Pattern	Answers	Typical store
Scratchpad	”Where was I in this task?”	Plain file / task state object
Retrieval memory	”What do I know that’s relevant right now?”	Vector store
Knowledge graph	”How do these entities relate?”	Graph / triples
Profile memory	”What’s durably true about this user/project?”	Small curated documents

Most teams jump straight to a vector database. Wrong order: scratchpad and profile memory are cheaper, more debuggable, and cover most real failures. A NOTES.md the agent reads at session start is profile memory. A todo list it updates mid-task is a scratchpad. Ship those first.

Step 2 — Build retrieval memory you can actually inspect

The retrieval loop — store, score, recall, inject — is identical whether the scorer is bag-of-words or a 3,072-dimension embedding. So build it with a scorer you can debug by eye. Create memory.py:

import math
import re
from collections import Counter

def _tokens(text: str) -> Counter:
    return Counter(re.findall(r"[a-z0-9]+", text.lower()))

def _cosine(a: Counter, b: Counter) -> float:
    dot = sum(a[t] * b[t] for t in a.keys() & b.keys())
    norm = math.sqrt(sum(v * v for v in a.values())) * \
           math.sqrt(sum(v * v for v in b.values()))
    return dot / norm if norm else 0.0

class MemoryStore:
    """Retrieval memory with a transparent scorer.

    Swap _cosine-over-token-counts for embedding similarity in production;
    the interface — and every bug you'll meet — stays the same.
    """

    def __init__(self):
        self._items: list[tuple[str, Counter]] = []

    def add(self, text: str) -> None:
        self._items.append((text, _tokens(text)))

    def search(self, query: str, k: int = 3) -> list[tuple[float, str]]:
        q = _tokens(query)
        scored = [( _cosine(q, vec), text) for text, vec in self._items]
        return sorted(scored, reverse=True)[:k]

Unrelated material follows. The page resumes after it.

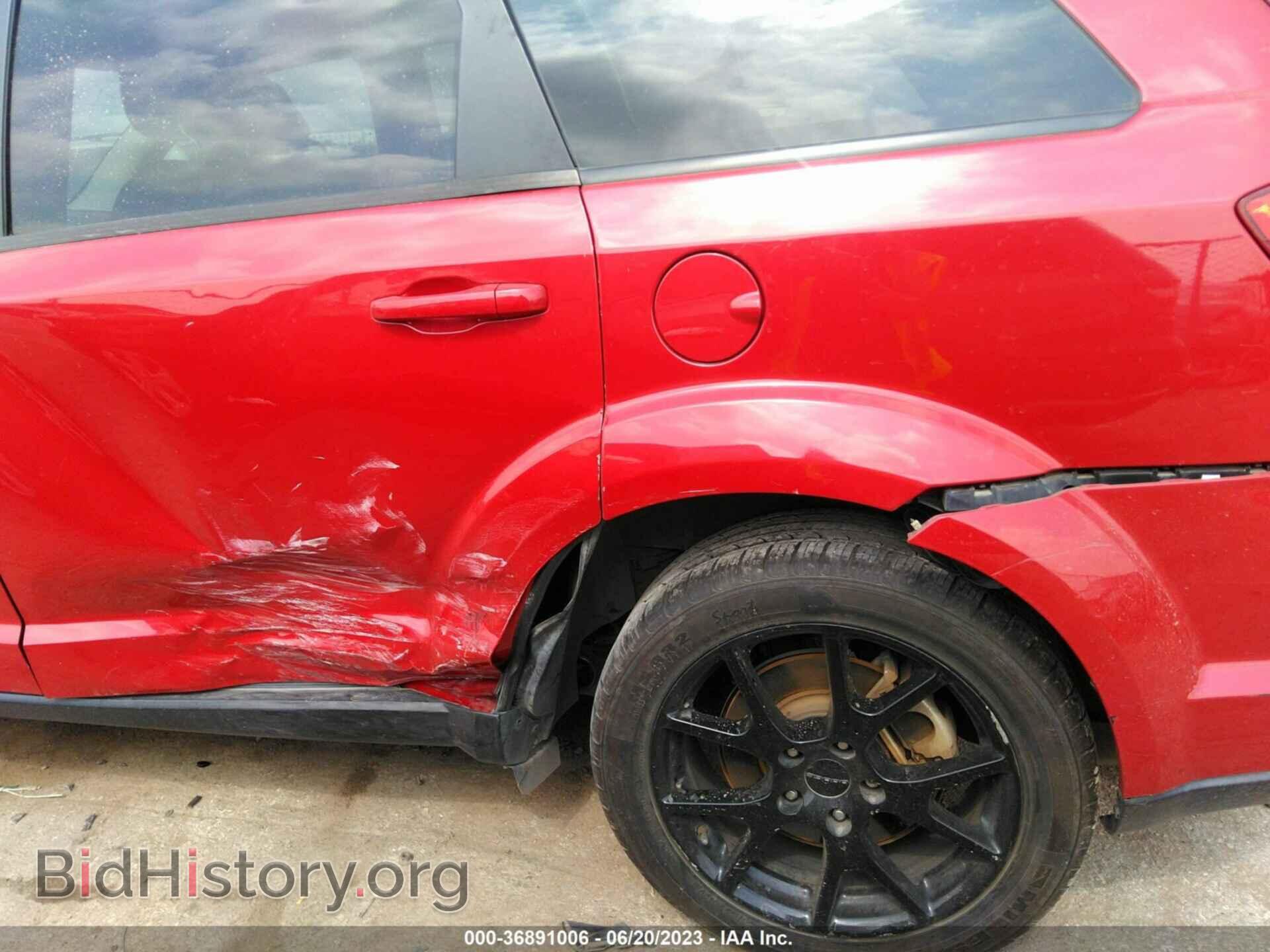 2017 DODGE JOURNEY - VIN: 3C4PDCBG6HT599595 - Фото 6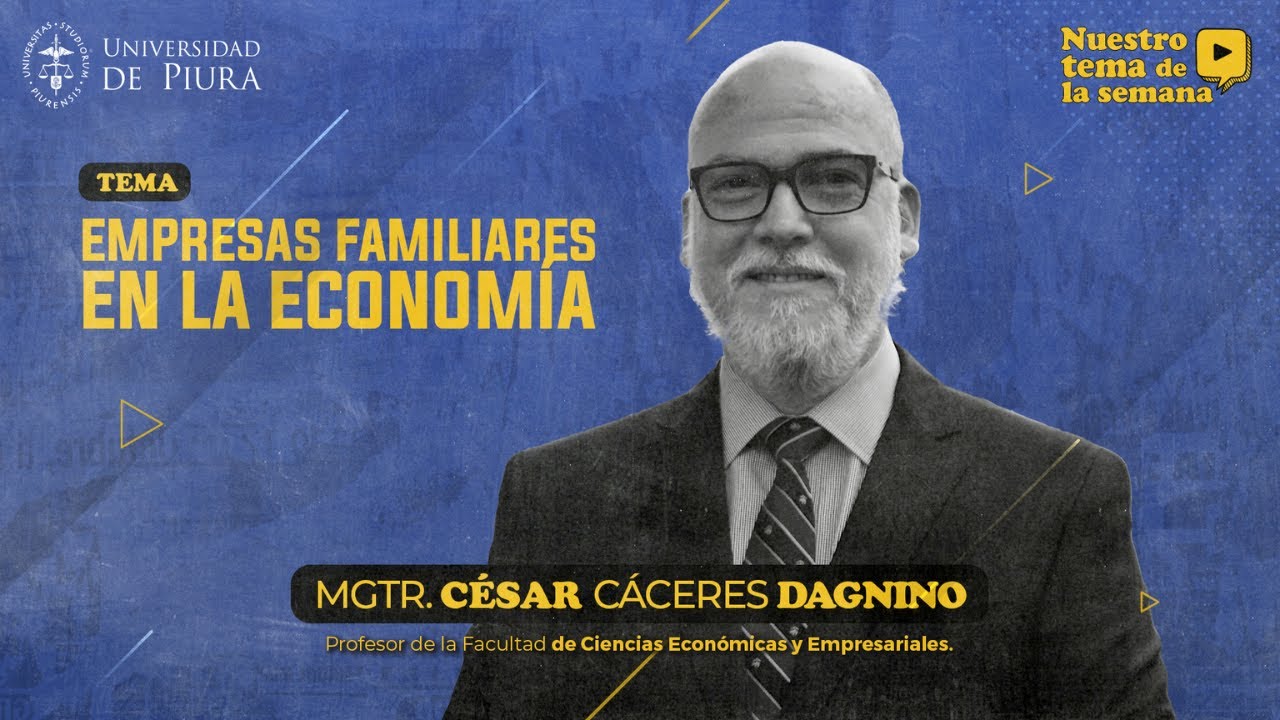 Las empresas familiares en el Perú - YouTube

if __name__ == "__main__":
    memory = MemoryStore()
    memory.add("User prefers TypeScript over Python for new services.")
    memory.add("The staging database refresh runs Sundays at 02:00 UTC.")
    memory.add("Deploys require two approvals since the March incident.")

    for score, text in memory.search("should we pick Python or TypeScript for new services?"):
        print(f"{score:.2f}  {text}")

Run python memory.py — the preference memory scores on top by a wide margin (0.59 vs 0.00 for the unrelated entries on this toy corpus). Before the model sees anything, you can print exactly why a memory was recalled. That transparency is worth keeping until scale forces you off it.

Step 3 — Inject memories as context, not commands

How recalled text enters the prompt matters as much as retrieval quality. Injected memories should be labeled as background, with provenance:

Relevant notes from memory (may be stale, verify before acting):
- [2026-05-12] User prefers TypeScript over Python for new services.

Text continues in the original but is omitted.